==== INFORMATION SUPPLIED ====

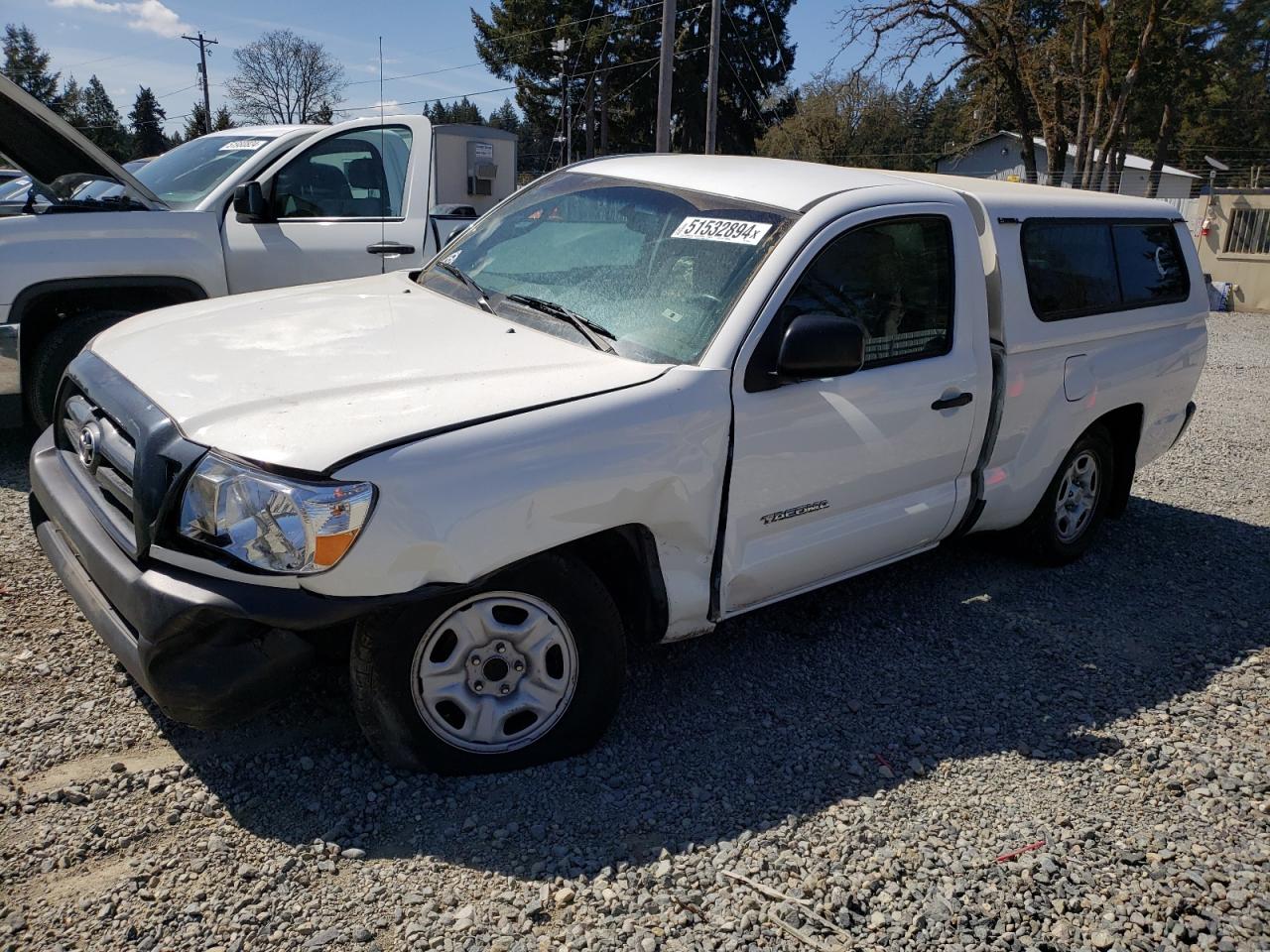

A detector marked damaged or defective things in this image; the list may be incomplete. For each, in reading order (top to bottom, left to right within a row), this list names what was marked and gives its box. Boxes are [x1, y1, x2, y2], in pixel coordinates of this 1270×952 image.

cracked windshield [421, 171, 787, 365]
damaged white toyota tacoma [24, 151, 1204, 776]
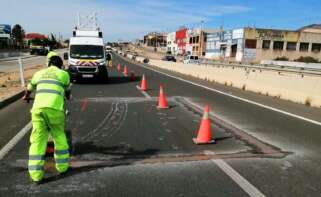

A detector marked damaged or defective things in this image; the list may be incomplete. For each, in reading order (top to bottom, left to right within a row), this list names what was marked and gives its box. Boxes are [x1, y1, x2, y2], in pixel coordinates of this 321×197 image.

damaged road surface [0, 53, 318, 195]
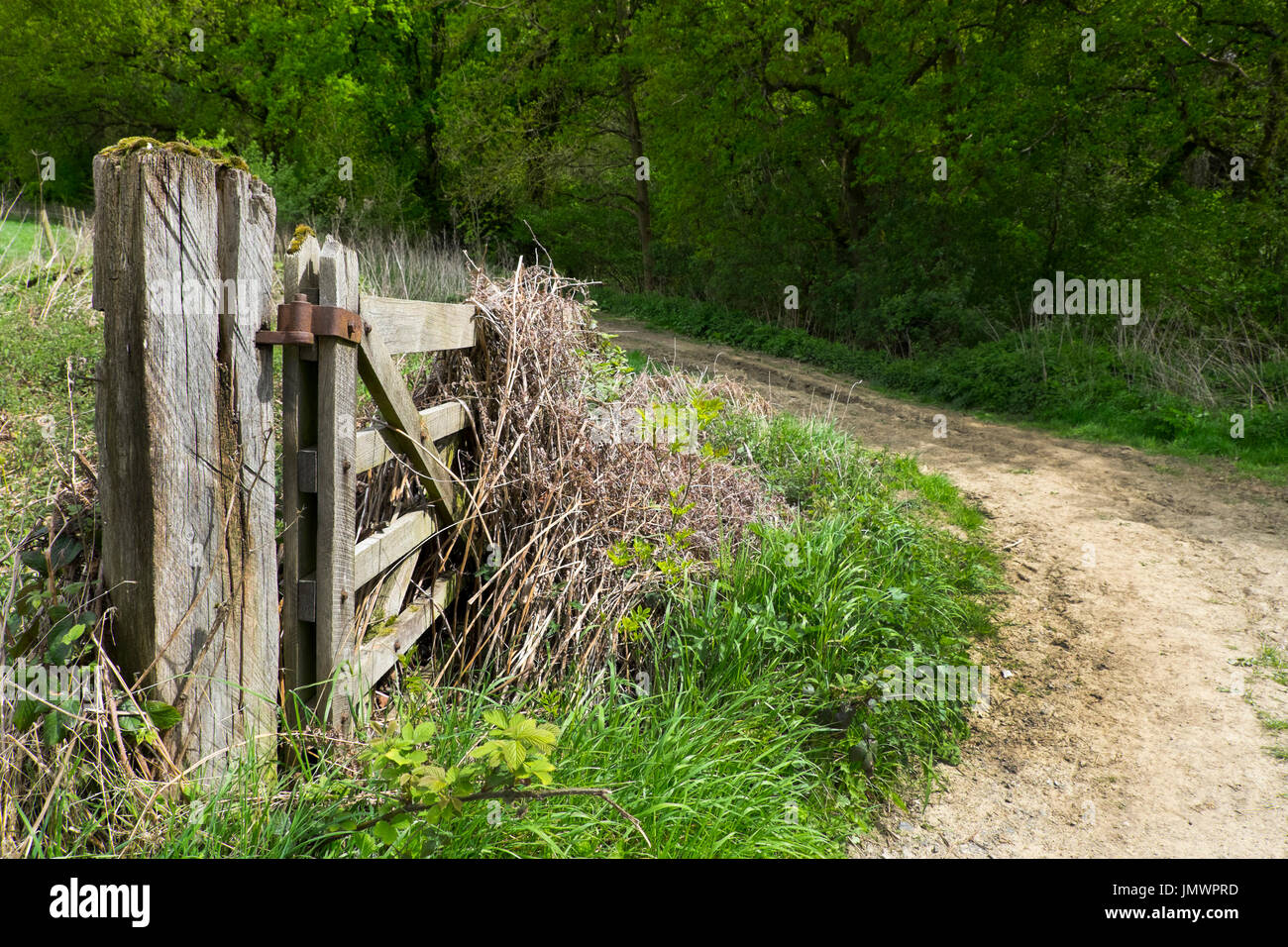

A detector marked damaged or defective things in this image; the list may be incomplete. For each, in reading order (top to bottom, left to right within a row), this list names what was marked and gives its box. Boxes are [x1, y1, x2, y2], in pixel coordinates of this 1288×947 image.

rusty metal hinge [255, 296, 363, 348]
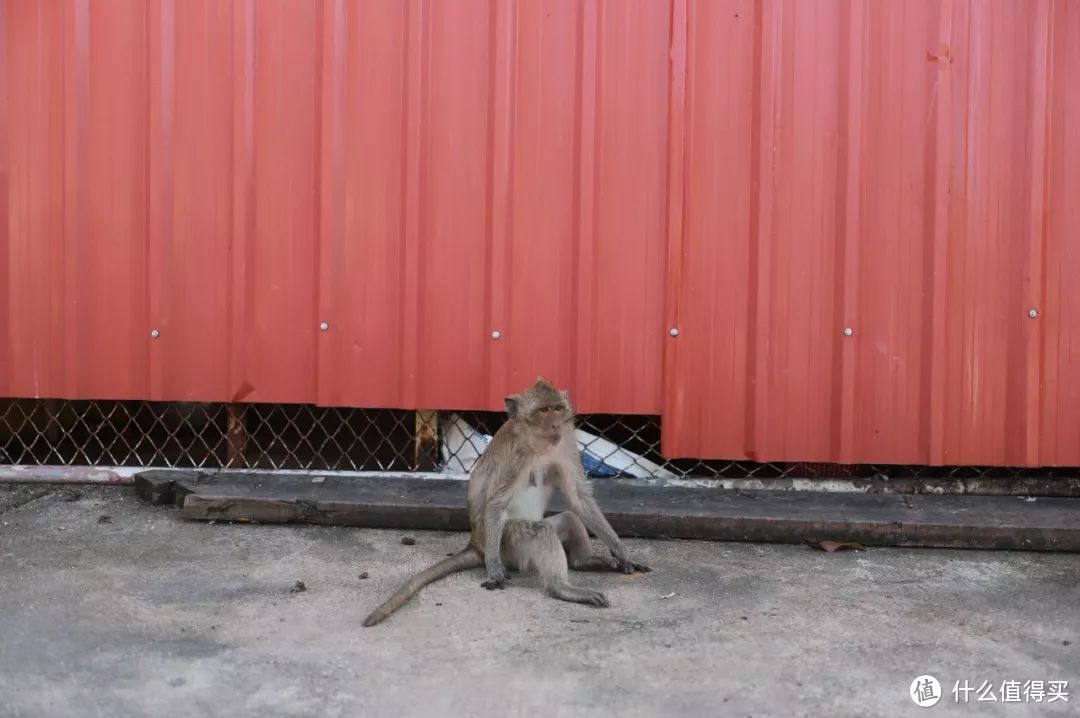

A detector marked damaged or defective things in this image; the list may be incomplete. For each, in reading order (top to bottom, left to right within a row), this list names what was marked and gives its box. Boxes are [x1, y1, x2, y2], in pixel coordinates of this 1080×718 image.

====

§ **WORK REQUEST**
The result should be a verbatim copy of the data, free of pictures.

§ **EXPECTED ANSWER**
A detector marked damaged or defective things in this image; the list may be incomplete. For each, in reading order (top to bottom, left to right within a row), this list names what was marked and gives its box. Boxes are [x1, y1, x2, y2], in pixel coordinates of this 1270×952 image.

cracked windshield [421, 171, 787, 365]
damaged white toyota tacoma [24, 151, 1204, 776]

A detector marked damaged or defective things in this image; the list may be incomplete. For each, in reading order (top to bottom, left to right within a row), this list names what was marked and gives its box. Boxes are [x1, y1, x2, y2], in pixel coordinates of this 321×197 image.

damaged road surface [0, 53, 318, 195]

A detector marked damaged or defective things in this image; the list may be incomplete. For each, in reading order (top to bottom, left to right within a row), this list names what was marked and gives its box. Boxes are [x1, y1, x2, y2], in pixel coordinates of this 1288×947 image.

rusty metal hinge [255, 296, 363, 348]

A detector marked damaged or defective things in this image; the list may be incomplete. For each, in reading order (top to bottom, left to right within a row), this list names what was marked and gives its box. Boxes are [x1, y1, x2, y2], in pixel coordinates of this 1080×718 image.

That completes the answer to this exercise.